Each entry below needs to be transcribed verbatim; the images should not appear.

╭──

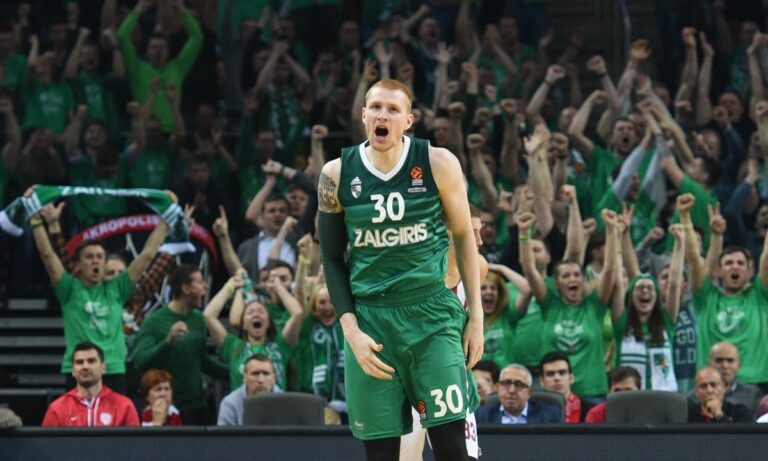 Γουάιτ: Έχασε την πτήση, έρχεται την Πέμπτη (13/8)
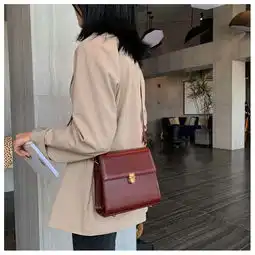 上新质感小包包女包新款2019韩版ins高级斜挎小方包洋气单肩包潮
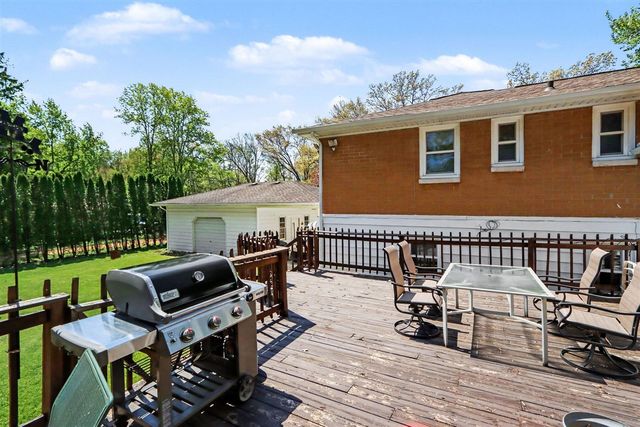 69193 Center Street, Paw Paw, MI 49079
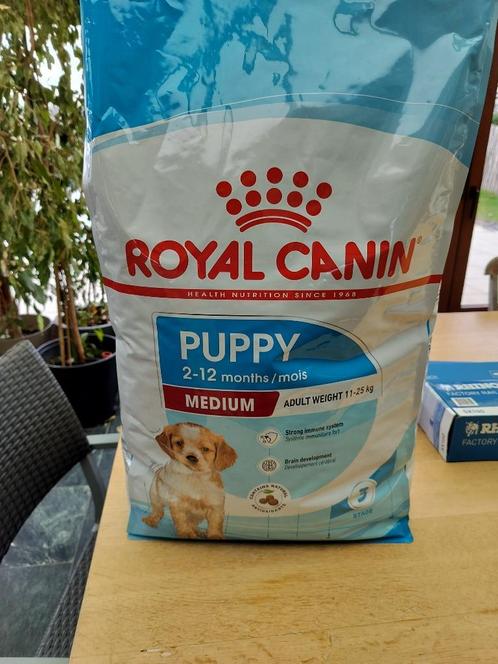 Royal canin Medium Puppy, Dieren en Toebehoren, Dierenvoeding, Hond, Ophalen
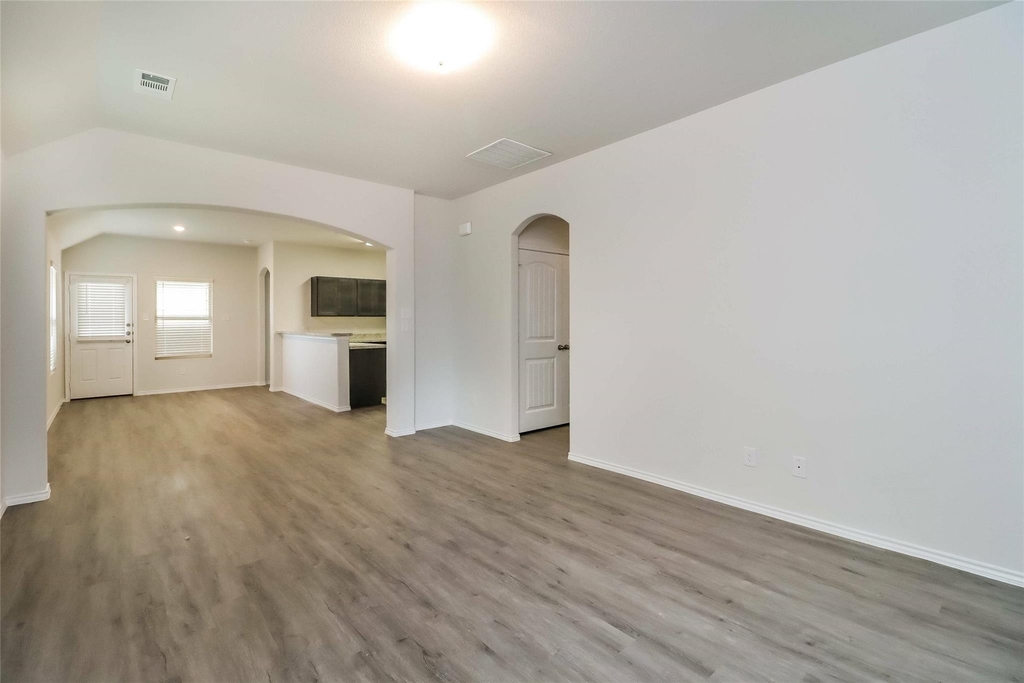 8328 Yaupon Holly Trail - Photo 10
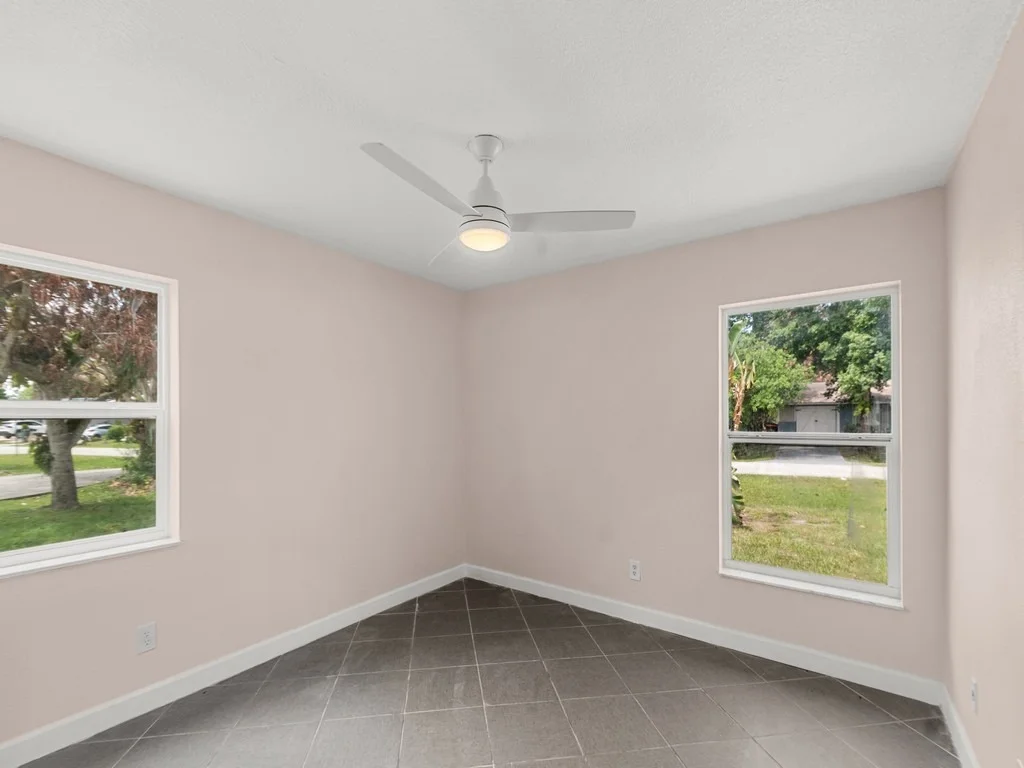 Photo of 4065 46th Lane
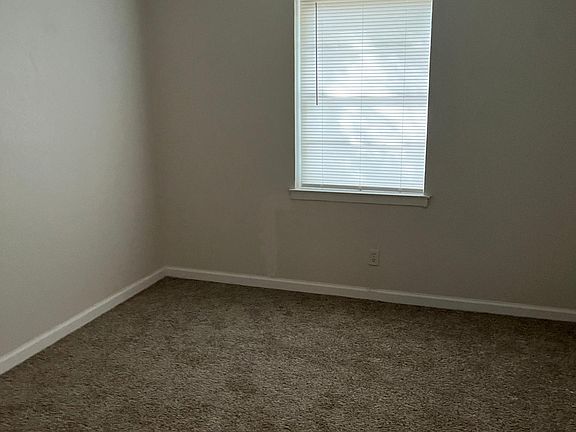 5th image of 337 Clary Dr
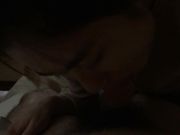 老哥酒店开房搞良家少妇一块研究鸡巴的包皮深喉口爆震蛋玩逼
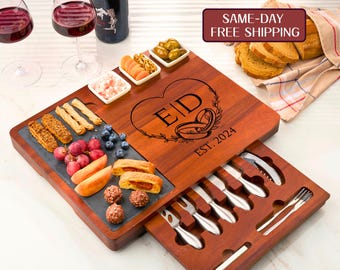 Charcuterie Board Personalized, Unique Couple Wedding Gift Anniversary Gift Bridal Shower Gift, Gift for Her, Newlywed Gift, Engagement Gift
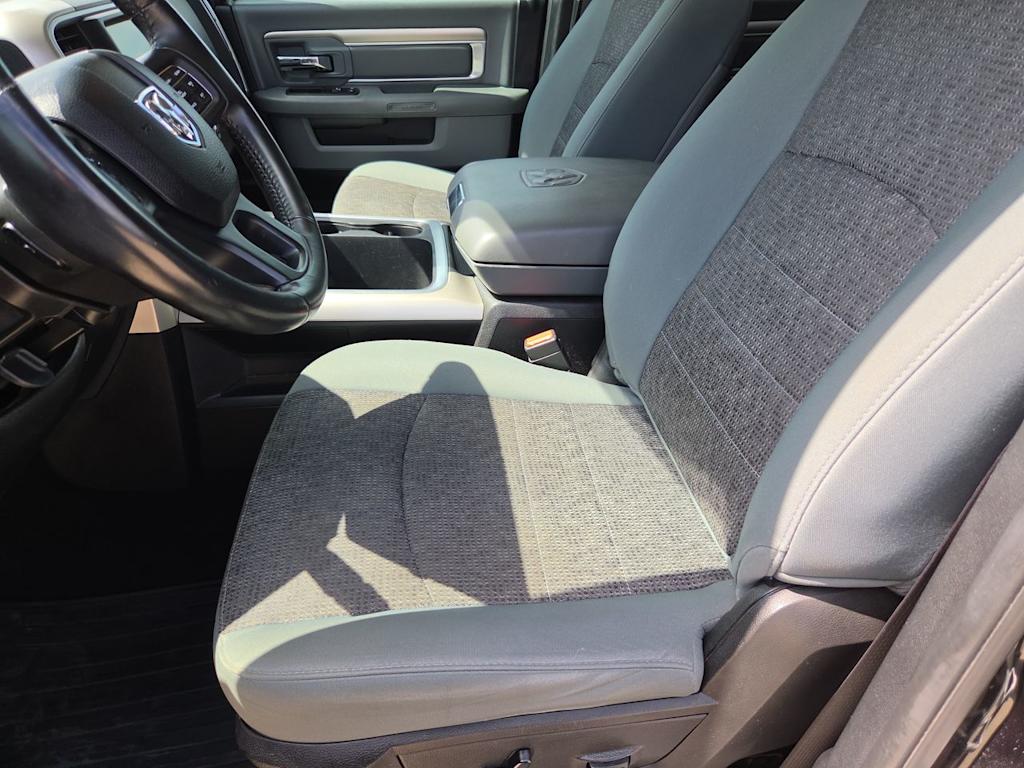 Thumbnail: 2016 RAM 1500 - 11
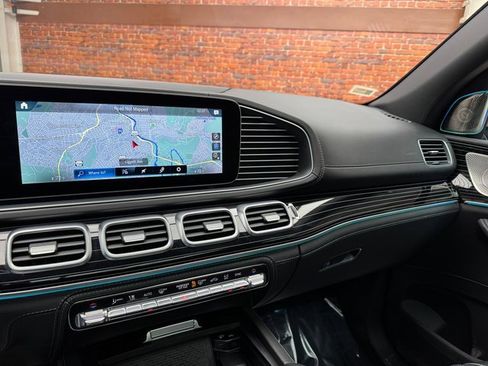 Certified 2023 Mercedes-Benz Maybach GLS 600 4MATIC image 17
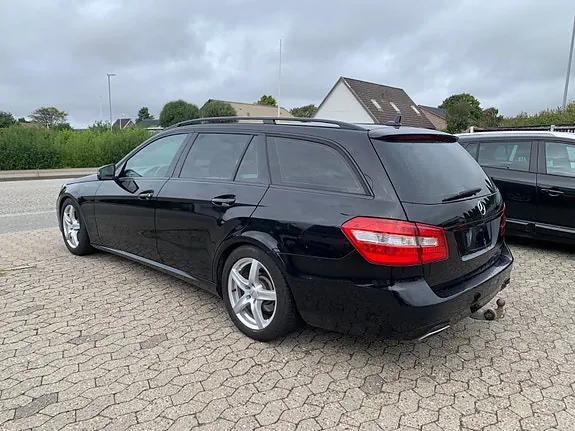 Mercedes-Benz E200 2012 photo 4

╰──

WRITTEN ANSWER:
 Γουάιτ: Έχασε την πτήση, έρχεται την Πέμπτη (13/8)
 上新质感小包包女包新款2019韩版ins高级斜挎小方包洋气单肩包潮
 69193 Center Street, Paw Paw, MI 49079
 Royal canin Medium Puppy, Dieren en Toebehoren, Dierenvoeding, Hond, Ophalen
 8328 Yaupon Holly Trail - Photo 10
 Photo of 4065 46th Lane
 5th image of 337 Clary Dr
 老哥酒店开房搞良家少妇一块研究鸡巴的包皮深喉口爆震蛋玩逼
 Charcuterie Board Personalized, Unique Couple Wedding Gift Anniversary Gift Bridal Shower Gift, Gift for Her, Newlywed Gift, Engagement Gift
 Thumbnail: 2016 RAM 1500 - 11
 Certified 2023 Mercedes-Benz Maybach GLS 600 4MATIC image 17
 Mercedes-Benz E200 2012 photo 4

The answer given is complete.